The main vessel responsible for intractable bleeding after panfacial fracture is the IMA and the interosseous branch of the ECA, as well as its branches. In most mild to moderate bleeding, nasal packing or tamponade with balloon catheters are thought to be effective procedures.2, 7) In cases of severe oronasal bleedings, however, tight oronasal packing is frequently ineffective because the bleeding may originate from the oral cavity, not the nasal cavity.9, 11) In patients with multiple facial bone fractures, there is only soft tissue but no solid wall for the packing to stop massive bleeding in the oronasal cavity.7) When the injury is located at or proximal to the second part of the IMA, which is defined as lateral to the lateral pterygoid muscle, adequate bleeding control cannot be achieved by the packing.6)

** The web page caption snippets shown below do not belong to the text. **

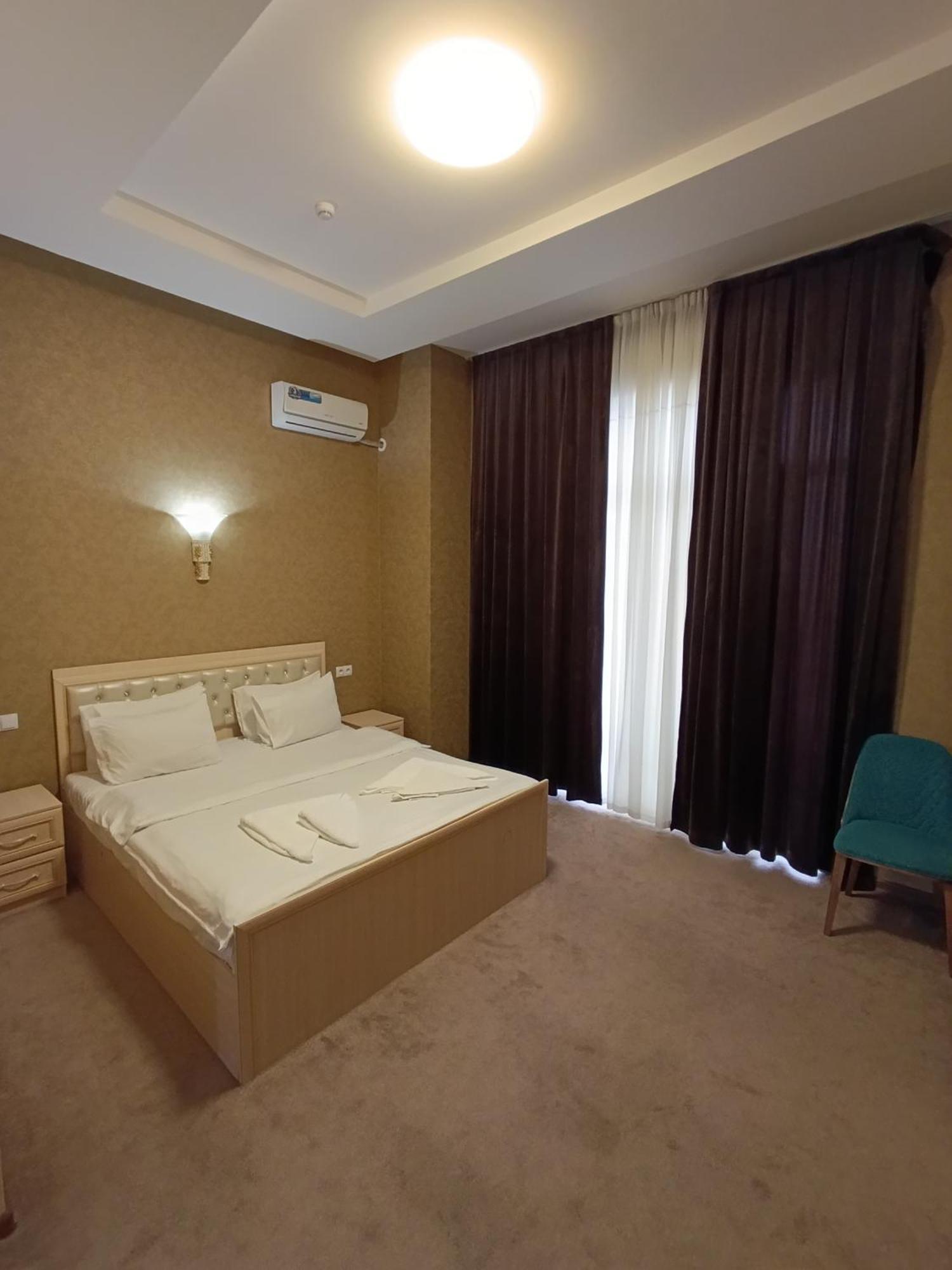 Grand Caravan Tashkent Esterno foto
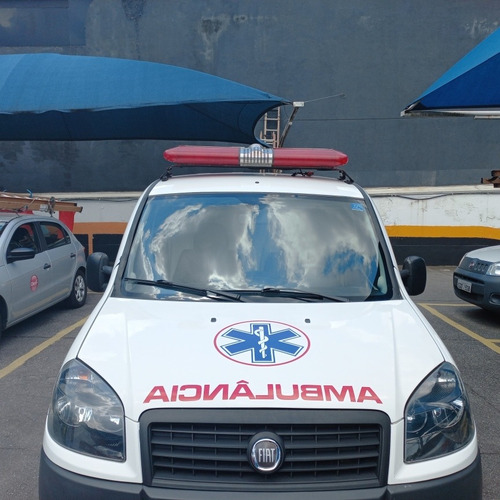Imagem 2 de 15 de Fiat Doblo Cargo Ambulancia 2014 1.8 Flex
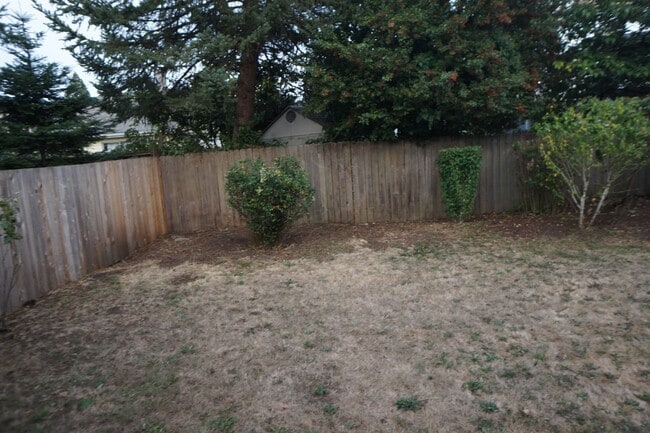 Building Photo - N.E Rose City Bungalow Pet Friendly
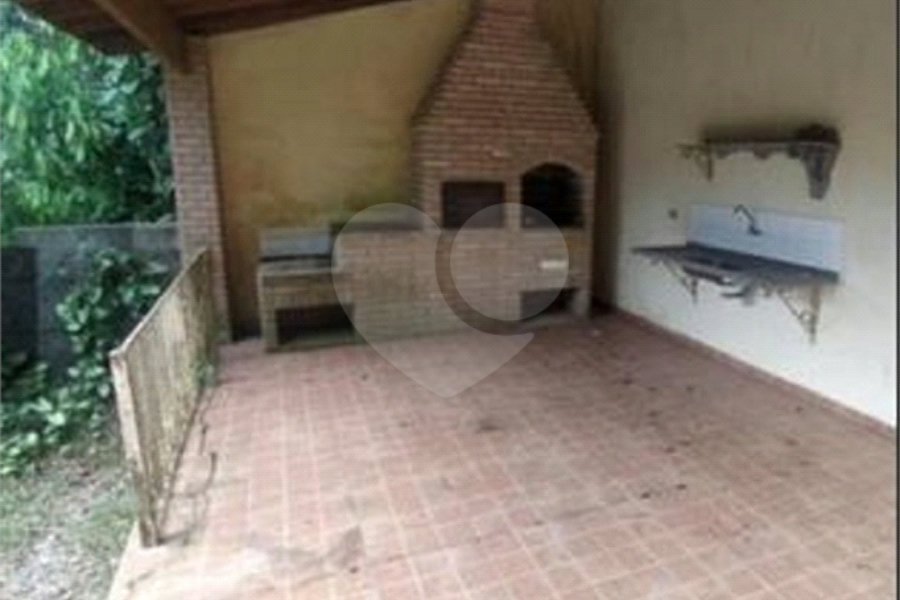 Casa à venda com 5 quartos, sendo 1 suíte, em Mantiqueira, Mairiporã, SP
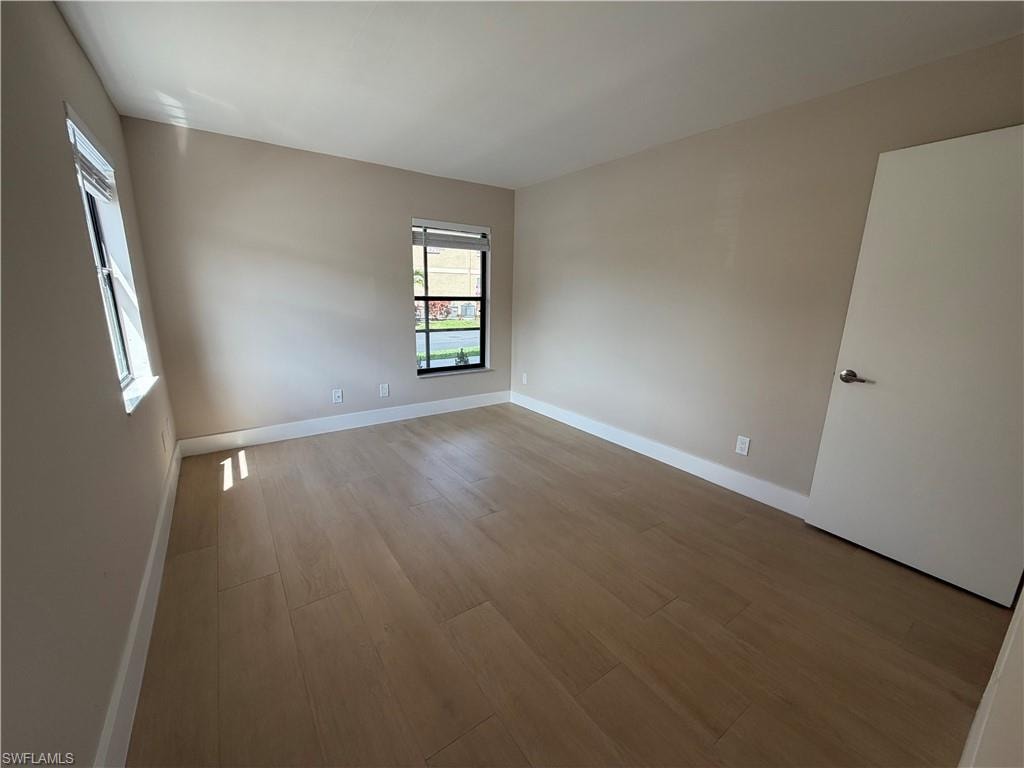 5317 Summerlin RD 1702 photo 14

Ligation of the ECA has been suggested as an alternative treatment, but it has failed to show consistent efficacy in stopping bleeding.2) It is difficult to identify the exact injured vessels among the complicated anatomic structures, and there are abundant collateral vessels responsible for bleeding recurrence. Immediate temporary reduction of the fracture bone is suggested as another choice for controlling bleeding.1, 10) However, there are some disadvantages. It has some risks for the critical patient undergo general anesthesia and it is difficult to perform reduction of the fracture bone because of massive bleeding and severe tissue swelling.12)

Angiographic intervention is useful for diagnosing and locating the injured vessel and providing a therapeutic method for embolization of the bleeders. Endovascular embolization is considered the better choice for stopping intractable oronasal bleeding.2, 7, 12) Sakamoto et al.8) described the first series of treatment by angiographic embolization in patients with severe oronasal bleeding after blunt maxillofacial trauma. They performed carotid angiography in 13 patients, and 4 patients had extravasation of contrast media from the ECA. Successful bleeding control was achieved in 4 patients by endovascular embolization. They treated other 9 patients with nasal packing. Bleeding focus from the ICA was visualized by angiography in 8 of the 9 patients, but all these patients failed to stop bleeding. Komiyama et al.7) reported six patients with bilateral vessel injuries after trauma, five of which had received blood transfusions of more than 10,000 mL. Two of them died, two were in a vegetative state, on e had moderate disability; only one patient had a good recovery. In our case, the patient recovered without any neurological deficit after endovascular embolization, even though the patient had mild disability with her hands due to bilateral radioulnar fractures.

Compared with surgical treatment, endovascular embolization has the distinct advantages of distal access near the bleeding points, demonstration of bleeding points, control of multiple bleeding points, repeatability, no necessity for general anesthesia, and short procedure time.7) Avoidance of general anesthesia is particularly of benefit for multiple trauma patients with a compromised hemodynamic status. On the contrary, there are possible complications of endovascular embolization including soft tissue necrosis, blindness, facial nerve palsy, and migration of the embolus into the internal carotid or vertebral artery exist.2, 4, 5, 7) Therefore, selective arterial embolization has been suggested, and it should be performed as close to the bleeding point as possible to prevent tissue necrosis.2, 7) For the selective arterial embolization, PVA particle is effective than other embolization materials. A variety of particle sizes (40 to 1,180 microns) fit for various vessel sizes and the clinician can control the contrast/saline ratio to achieve the desired suspension and enhance fluoroscopic visualization.

Conclusion

Initial life-saving managements, such as airway preservation and preventing hypovolemia, are necessary and endovascular embolization with PVA particle may be considered as a good treatment option for the life-threatening bleeding from bilateral IMA injury.

Notes

The authors have no financial conflicts of interest.